There was, however, one thing they didn't mind so much: the fact that they scored two goals on rebounds and another on the doorstep.
They were exactly the type of goals Alex Ovechkin and Co. haven’t scored often enough over the years, particular in the playoffs.
They were also the kinds of goals they've been working to produce more consistently in recent practices.
“That’s how you score goals in this league,” Justin Williams said Wednesday at Kettler Capitals Iceplex. “They’re not all going to be pretty.”
Williams scored his sixth goal in the past nine games in that fashion against the Isles. The 16-year veteran crashed the net and, with New York defenseman Nick Leddy draped all over him, managed to get just enough of his stick blade on the puck to steer it into the net.
Whether it’s screening a goalie, tussling with a defender in front or finishing a cross crease pass, no one on the Caps has been better at creating a consistent net front presence this season than Williams.
“It’s very important to have that ability as a team to score in different ways and different situations and not just rely on a power play or a great play by someone,” said Williams, who now has eight goals after a sluggish start to the campaign. “It’s getting to the net, getting a greasy one, something off your butt and in. Those are like a coach’s dream goal that we need to take pride in, as well.”
Ovechkin got in on the act, too. With the Capitals needing an equalizer early in the third period, Evgeny Kuznetsov dished to Williams, who fired a shot off of Jaroslav Halak’s far pad.
The puck went right to the Caps’ captain, who rattled it in off the post and crossbar for another second-chance goal.
Washington’s third goal followed a similar script. Andre Burakovsky got his second tally in three games with 6:55 left to play after racing to the net. At the top of the blue paint, he tapped in a touch pass from Jay Beagle to cut their deficit to a single goal.
They couldn't get any closer, but Burakovsky said he hopes the manner in which the three goals were scored marks the start of something for the Caps, who are 1-2-1 in their last four games.
“That’s what I learned while I was sitting out and watching,” the 21-year-old said. “Ninety-percent of all the goals actually happen right in front. Sorta like my goal [against the Islanders]. Look at the Islanders’ goals, too. It was kind of the same. They were right in front of the net and it happened.”

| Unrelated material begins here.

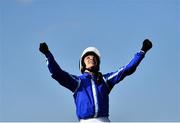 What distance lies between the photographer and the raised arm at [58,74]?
7.85 m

Burakovsky added: “I’ve been watching what I can do to get more opportunities and better opportunities. And one of them is when one of our guys has the puck on the boards, I’m just going to go straight through the middle and to the net. That’s kind of what happened yesterday, Beags went to the middle, I came in hard behind him and the puck was eventually coming there. And it came to me. It was harder to miss than to score. A goal is a goal.”
In recent weeks, Trotz has incorporated more drills into his practice plans aimed at creating second-chance goals. In one of the drills, the first forward into the zone fires the puck on goal, the second forward crashes net and a defenseman enters third, also looking to finish a rebound.
Burakovsky said the practice reps help, but scoring greasy goals also requires a different mentality—and there’s still some work to be done in that department.
“We’ve been working on it for a while,” Burakovsky said. “We’ve gotten a little bit better, but I still think we can go to the net a lot harder.”